AUGUST 16 UPDATE: Today the Washington Post reports on several hundred incidents of the NSA failing to conform with current regulations and legal boundaries for domestic surveillance.  This is where strong action by the executive — as outlined below — is most needed and can be most effective.


Friday the President used the White House press room to announce and take a few questions on proposals to better balance civil liberties with digital surveillance.

Monday the Wall Street Journal editorialized that these proposals constitute a “retreat on his core powers as Commander in Chief.”  If I understand the editorial correctly, the WSJ perceives the President has sovereign authority under Article II, Section 2 to spy on us as much as he perceives the nation’s security might require.  Judicial oversight as currently provided by the Foreign Intelligence Surveillance Act is, in their view, unconstitutional.  Any due process is, it would seem, collaboration with our enemies.

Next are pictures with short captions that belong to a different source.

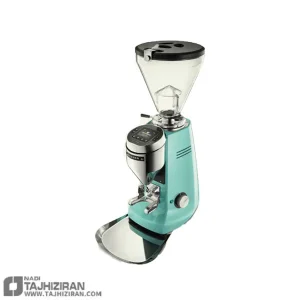 خرید آسیاب قهوه مازر Super Jolly V Pro Mazzer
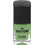 Make-up Studio 136 Gloss Βερνίκι Νυχιών 12ml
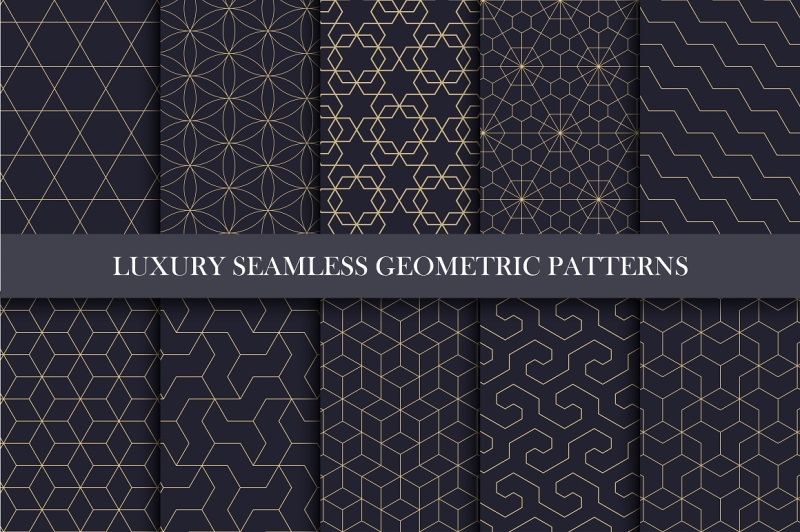 ornamental-luxury-seamless-patterns
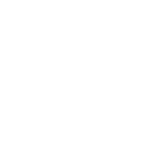 Aguida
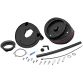 K&N Filter Kit - Harley Davidson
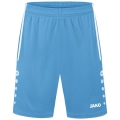 Jako Sporthose Allround Kinder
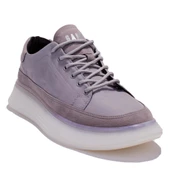 Gamelu 23YM Monster Füme Günlük Ortopedik Erkek Spor Ayakkabı - 1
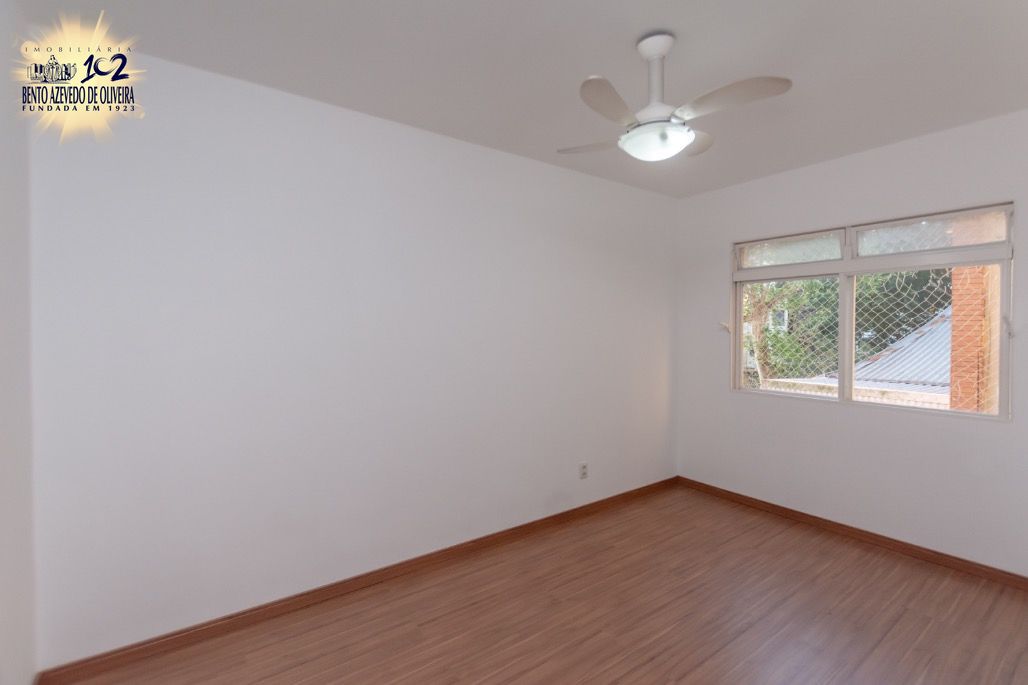 Apartamento, 3 quartos, 91 m² - Foto 21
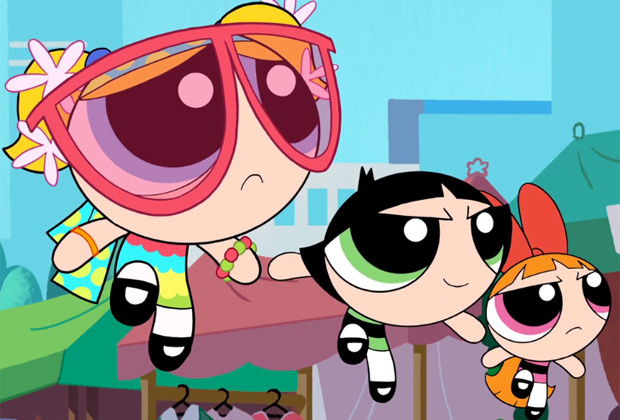 Season 2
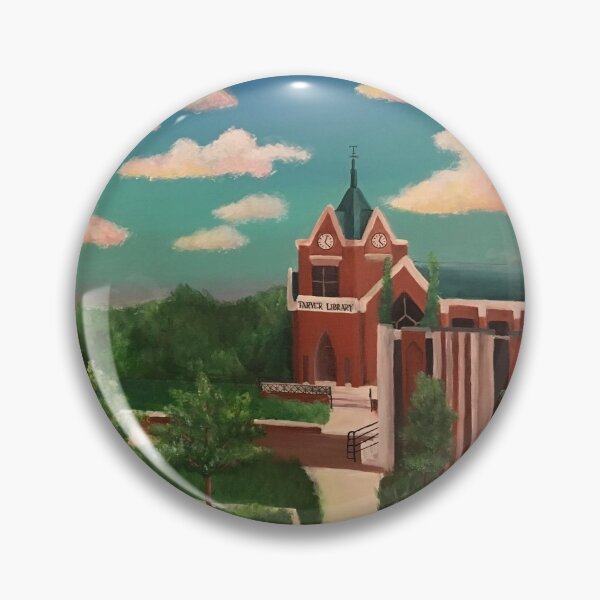 Item preview, Mercer University designed and sold by emmpressions125.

On the left hand: Writing in The Atlantic, Conor Friedersdorf conducts an eviscerating exegesis of the rather brief — even bland — Presidential statement and concludes, “Obama is still lying, obfuscating, and misleading the American people. In doing so, he is preventing representative democracy from functioning as well as it might.”   He perceives a President corrupted by power and given over to condescension, setting the stage for our liberties to be lost forever.

There are of course judgments farther to the right and left of these still recognizably reasoned opinions.  But rather quickly “right” and “left” are lost to something closer to Freudian obsessions or the deepest mysteries of Jung’s collective unconscious.  Obama becomes a token or talisman or target of spiritual warfare and whatever he says is treated like a just-discovered manuscript in a Dan Brown novel.

My take is more prosaic.  The President — like all of us — is a creature of his prior experiences.  Among these are 1) a black man with insider knowledge of white America, 2) community organizer, and 3) lawyer.

If the first prior is having any influence here, it is expressed in the President’s perpetual pragmatism.  He intends to “get ahead” (what this means specifically depends on context).  To do so he needs to be realistic about the impediments or threats he will encounter.  He is predisposed to action that mitigates or obviates knowable problems. The surveillance programs (and the drone program and much more) inherited from his predecessor are adapted, expanded, and subjected to more detailed processes.

As a community organizer he is sensitive to matching his interventions to the values, aspirations, capabilities, and readiness of those he is trying to organize.  He can facilitate, provoke, propose… but it is up to the community to choose and sustain (or not).  Fundamental issues can be teed up, but it is the community’s role  — not his — to decide.  Notice how often, including in this instance, he unveils a process that tends to turn the initiative over to others.  He will advocate for certain principles or objectives, but if and how these are adopted is really up to others.

As a lawyer President Obama is inclined to procedural solutions: a task force, a privacy advocate, checklists, reviews, appeals…  Justice Frankfurter once wrote, “The safeguards of due process of law and the equal protection of the laws summarize the history of freedom of English-speaking peoples running back to Magna Carta and reflected in the constitutional development of our people. The history of American freedom is, in no small measure, the history of procedure.”  Whether or not the President knows the quote, he regularly demonstrates his concurrent view.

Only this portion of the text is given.